An abdominal aortic aneurysm is an
enlargement of the lower part of the
aorta that extends through the abdominal area (at times, the upper portion of the aorta in the chest can be enlarged). The aorta is the main blood vessel that carries blood from the heart to the rest of the body. Like most arteries, the aorta is elastic, which allows it to be filled with blood under high pressure. An aneurysm develops when the wall of the artery becomes weakened and distended like a balloon. The analogy of a bubble in a garden hose would be appropriate in describing an aneurysm. Aneurysms usually are discovered before they produce symptoms, such as back pain, but like the weakened hose, they may rupture if they become too large. Since a ruptured aneurysm is extremely dangerous and can cause life-threatening bleeding, aneurysms are best corrected by an operation before this happens.
Aneurysm of the abdominal aorta
What are some predisposing factors for abdominal aneurysms?
Congenital defects, such as an inherited weakness in the blood vessel wall; example, Marfan’s syndrome
High blood pressure (hypertension). This speeds up damage to blood vessel walls.

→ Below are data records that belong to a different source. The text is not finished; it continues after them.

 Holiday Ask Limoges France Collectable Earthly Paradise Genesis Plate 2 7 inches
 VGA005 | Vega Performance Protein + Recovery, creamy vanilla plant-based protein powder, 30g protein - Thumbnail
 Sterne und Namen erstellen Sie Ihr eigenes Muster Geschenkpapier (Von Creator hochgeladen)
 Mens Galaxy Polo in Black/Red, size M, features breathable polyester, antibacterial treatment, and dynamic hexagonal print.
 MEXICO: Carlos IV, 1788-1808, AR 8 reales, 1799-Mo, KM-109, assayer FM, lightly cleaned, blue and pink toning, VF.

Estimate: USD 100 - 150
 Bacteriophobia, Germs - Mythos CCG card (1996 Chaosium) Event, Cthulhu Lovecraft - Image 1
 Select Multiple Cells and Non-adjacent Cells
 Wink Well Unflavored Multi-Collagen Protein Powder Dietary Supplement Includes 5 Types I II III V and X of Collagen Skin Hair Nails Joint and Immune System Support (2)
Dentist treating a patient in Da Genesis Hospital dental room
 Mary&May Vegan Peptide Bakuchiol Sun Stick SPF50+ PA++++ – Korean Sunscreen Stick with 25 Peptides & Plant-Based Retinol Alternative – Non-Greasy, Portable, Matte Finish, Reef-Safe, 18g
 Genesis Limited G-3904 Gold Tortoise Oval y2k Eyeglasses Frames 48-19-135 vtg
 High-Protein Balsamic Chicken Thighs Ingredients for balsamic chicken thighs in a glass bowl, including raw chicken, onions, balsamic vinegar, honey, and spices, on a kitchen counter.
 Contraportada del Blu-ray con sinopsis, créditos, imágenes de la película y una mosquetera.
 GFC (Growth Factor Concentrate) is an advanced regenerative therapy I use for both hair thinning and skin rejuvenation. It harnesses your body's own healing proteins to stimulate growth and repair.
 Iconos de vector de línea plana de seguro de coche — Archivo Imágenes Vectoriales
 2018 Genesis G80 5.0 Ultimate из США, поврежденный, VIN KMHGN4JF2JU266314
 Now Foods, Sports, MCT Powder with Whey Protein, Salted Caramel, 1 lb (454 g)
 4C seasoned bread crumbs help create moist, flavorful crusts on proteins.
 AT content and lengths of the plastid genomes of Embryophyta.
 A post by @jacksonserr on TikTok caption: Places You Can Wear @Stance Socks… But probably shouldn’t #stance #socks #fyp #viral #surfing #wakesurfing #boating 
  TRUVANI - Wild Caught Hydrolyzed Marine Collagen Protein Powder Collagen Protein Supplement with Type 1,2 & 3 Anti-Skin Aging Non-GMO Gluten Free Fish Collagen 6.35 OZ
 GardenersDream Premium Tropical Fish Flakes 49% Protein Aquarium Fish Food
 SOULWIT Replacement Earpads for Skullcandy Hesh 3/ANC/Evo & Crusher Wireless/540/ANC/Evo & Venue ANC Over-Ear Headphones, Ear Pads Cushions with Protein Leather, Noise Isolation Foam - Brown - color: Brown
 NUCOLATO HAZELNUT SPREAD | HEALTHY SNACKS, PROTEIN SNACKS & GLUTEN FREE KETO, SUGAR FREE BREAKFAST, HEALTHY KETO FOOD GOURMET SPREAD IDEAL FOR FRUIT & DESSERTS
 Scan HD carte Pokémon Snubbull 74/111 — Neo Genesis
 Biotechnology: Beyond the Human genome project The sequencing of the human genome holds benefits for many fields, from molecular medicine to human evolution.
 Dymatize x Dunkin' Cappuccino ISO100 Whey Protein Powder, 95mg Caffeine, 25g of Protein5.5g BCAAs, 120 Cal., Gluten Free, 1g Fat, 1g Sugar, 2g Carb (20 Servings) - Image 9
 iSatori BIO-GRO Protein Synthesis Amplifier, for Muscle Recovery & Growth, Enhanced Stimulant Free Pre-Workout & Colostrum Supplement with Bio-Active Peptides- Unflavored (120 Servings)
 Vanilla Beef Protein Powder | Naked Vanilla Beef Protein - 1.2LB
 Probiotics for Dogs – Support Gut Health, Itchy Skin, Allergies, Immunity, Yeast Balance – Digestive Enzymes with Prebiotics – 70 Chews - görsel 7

Arteriosclerosis (also called atherosclerosis). This occurs when the normal lining of the arteries deteriorates, the walls of the arteries thicken, and deposits of fat and plaque block the flow of blood through the arteries. The association of arteriosclerosis with the development of aneurysms is controversial.
Who should be screened for abdominal aortic aneurysm?
An abdominal aortic aneurysm (AAA) is a major health risk that may not have related symptoms until a life-threatening event occurs, such as aneurysm rupture. An abdominal ultrasound is a preventive screening tool that can be used to identify an AAA so that prompt treatment can be provided prior to aneurysm rupture.
U.S. Preventive Services Task Force screening guidelines
Currently, Medicare is offering a one-time, free abdominal ultrasound AAA screening to qualified senior citizens as part of its Welcome to Medicare physical. This physical must be conducted within the first 12 months of enrollment in Medicare. Men who have smoked at least 100 cigarettes during their lifetime qualify for the Medicare screening.
This screening recommendation is based on the U.S. Preventive Services Task Force (USPSTF) Screening for Abdominal Aortic Aneurysm: Recommendation Statement. January 2014. Agency for Healthcare Research and Quality, Rockville, Md.
Additional screening guidelines
The Society for Vascular Surgery (SVS) and the Society for Vascular Medicine and Biology (SVMB) recommend abdominal ultrasound AAA screening for these patients:
All men age 65 years old or older and men as early as age 55 with a family history of AAA
All women age 65 or older with a family history of AAA or those who have smoked
Cleveland Clinic supports the SVS and SVMB screening recommendations for these patients who have a higher risk of developing an AAA. Coverage for abdominal AAA ultrasound screening may differ, depending on your insurance. Therefore, please contact your insurance provider for specific coverage options before scheduling this test.